THE DATA:
⟨
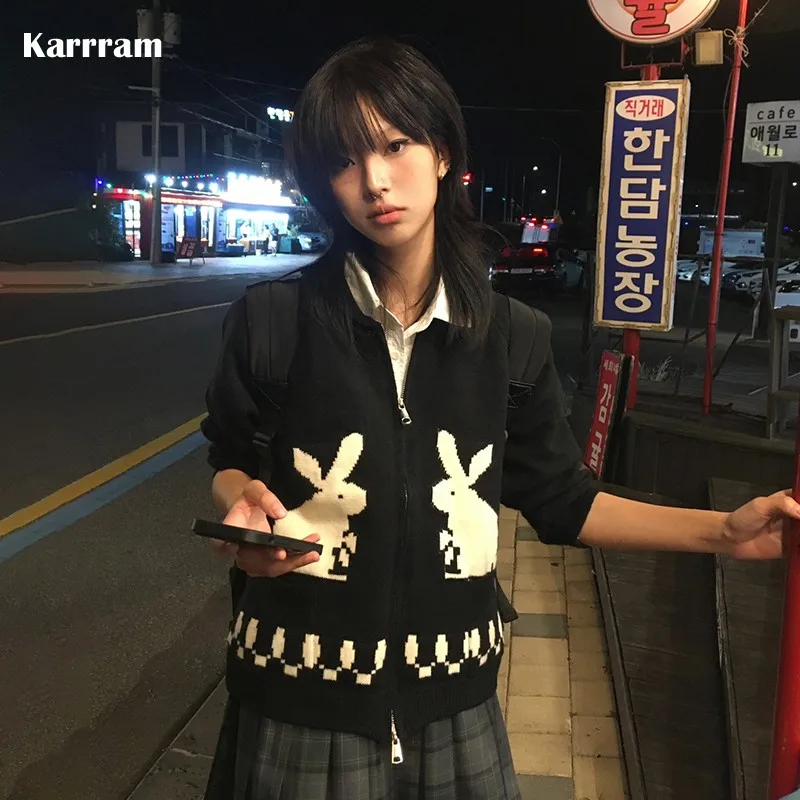 

Karrram Japanese Y2k Knit Cardigans Vintage Rabbit Embroidery Zipper Knitwear Harajuku 2000s Korean Knitted Coat Preppy Style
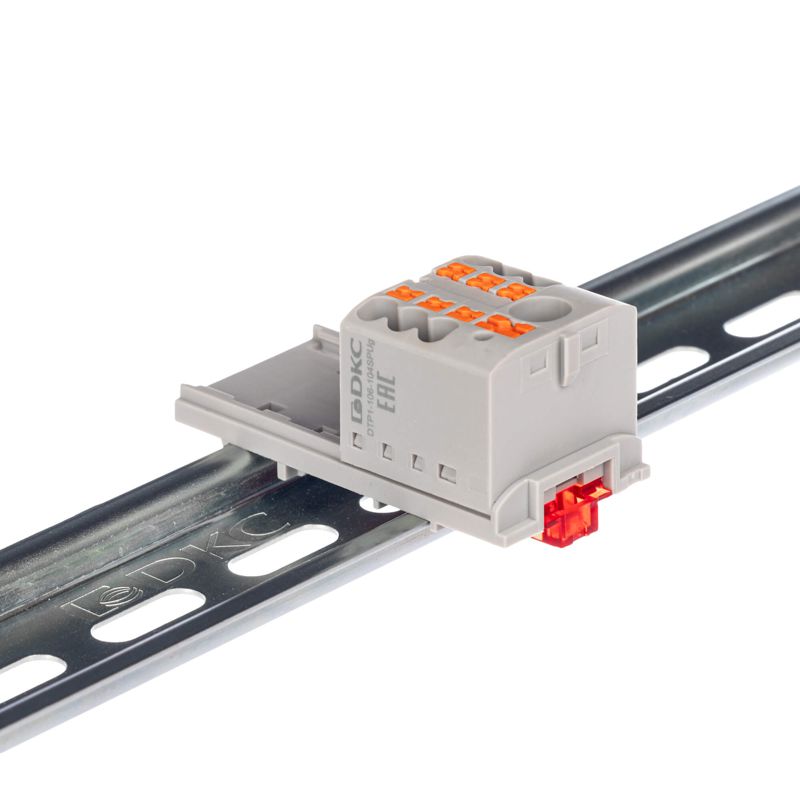  Блок распределительный зажим push-in 1 ввод 6кв.мм 6 точек подключения 2.5кв.мм сер. DKC DTP1-106-104SPUG фото в каталоге от BTSprom.by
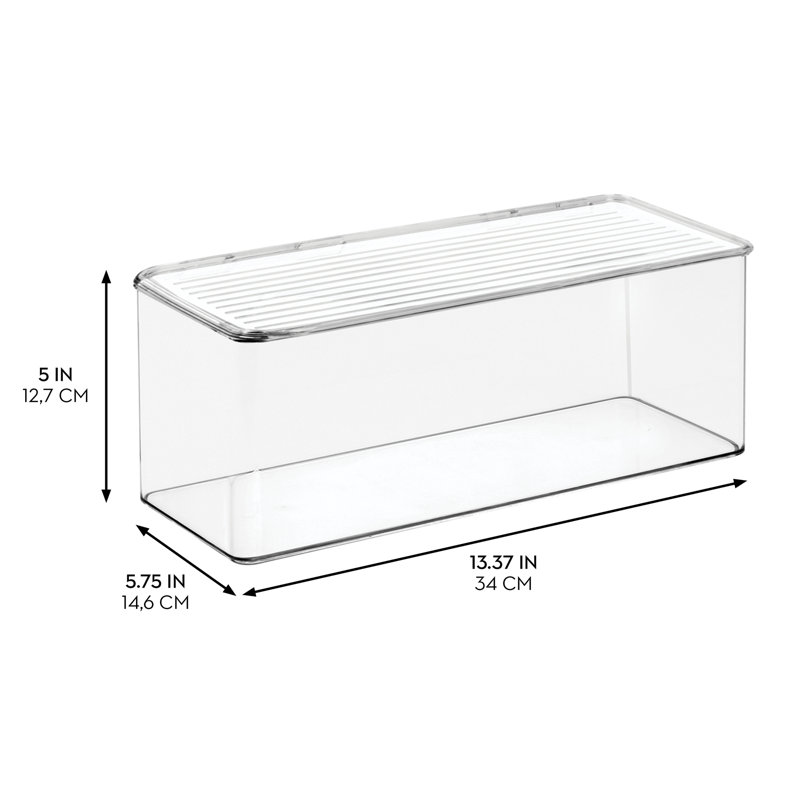 Boîte de rangement avec couvercle à charnière iDesign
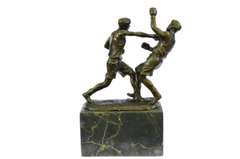 Last Round Boxing Bronze Statue on Marble Base Sculpture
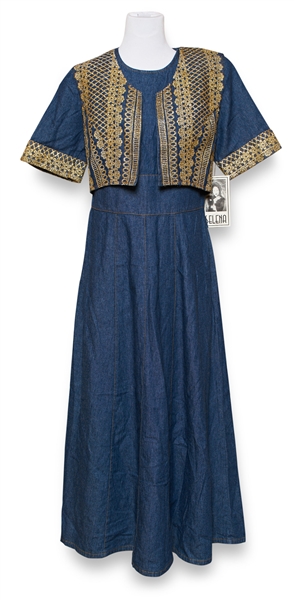 Selena Brand Denim & Gold Embroidered Dress from 1996 -- Included in Selena Fashion Exhibit ''Ahora y Nunca'' Featured in ''Vogue'' Magazine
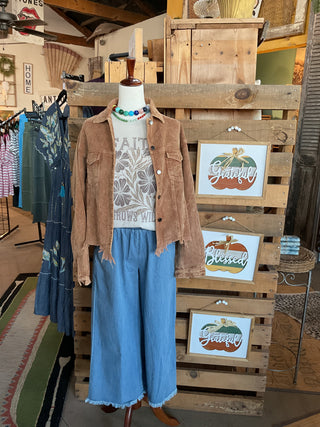 Pocket Front Button Down Corduroy Trucker Jacket-Jackets-Pol Clothing-Stuffology - Where Vintage Meets Modern, A Boutique for Real Women in Crosbyton, TX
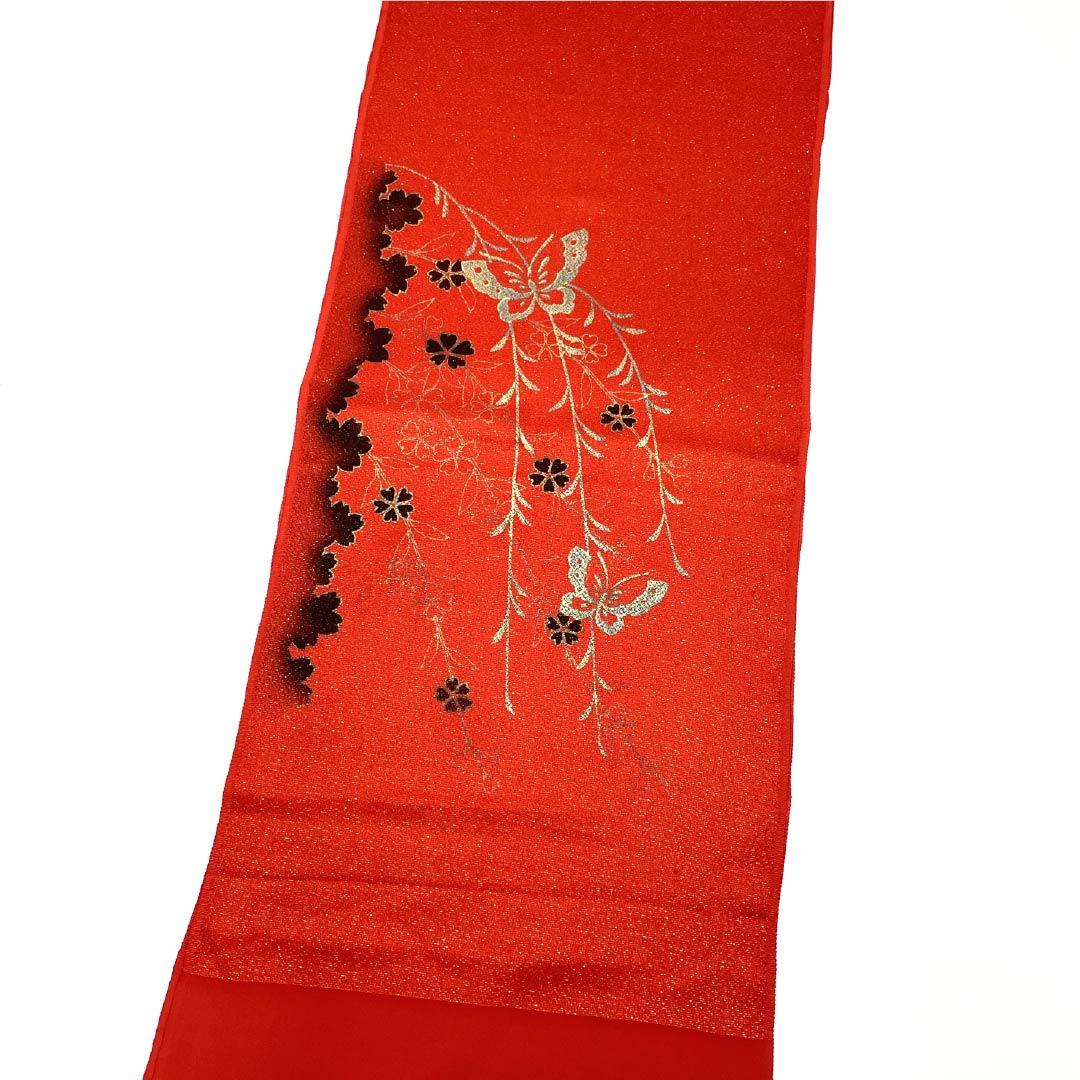 帯揚げ 正絹 Sランク セミフォーマル 赤色(あかいろ) 蝶 草花 長さ約178cm 幅約31cm 赤系 1136004042912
⟩
PROBLEM DESCRIPTION: Leave every image out and retype the entries above word for word.

THE COMPLETED TASK:
Karrram Japanese Y2k Knit Cardigans Vintage Rabbit Embroidery Zipper Knitwear Harajuku 2000s Korean Knitted Coat Preppy Style
  Блок распределительный зажим push-in 1 ввод 6кв.мм 6 точек подключения 2.5кв.мм сер. DKC DTP1-106-104SPUG фото в каталоге от BTSprom.by
 Boîte de rangement avec couvercle à charnière iDesign
 Last Round Boxing Bronze Statue on Marble Base Sculpture
 Selena Brand Denim & Gold Embroidered Dress from 1996 -- Included in Selena Fashion Exhibit ''Ahora y Nunca'' Featured in ''Vogue'' Magazine
 Pocket Front Button Down Corduroy Trucker Jacket-Jackets-Pol Clothing-Stuffology - Where Vintage Meets Modern, A Boutique for Real Women in Crosbyton, TX
 帯揚げ 正絹 Sランク セミフォーマル 赤色(あかいろ) 蝶 草花 長さ約178cm 幅約31cm 赤系 1136004042912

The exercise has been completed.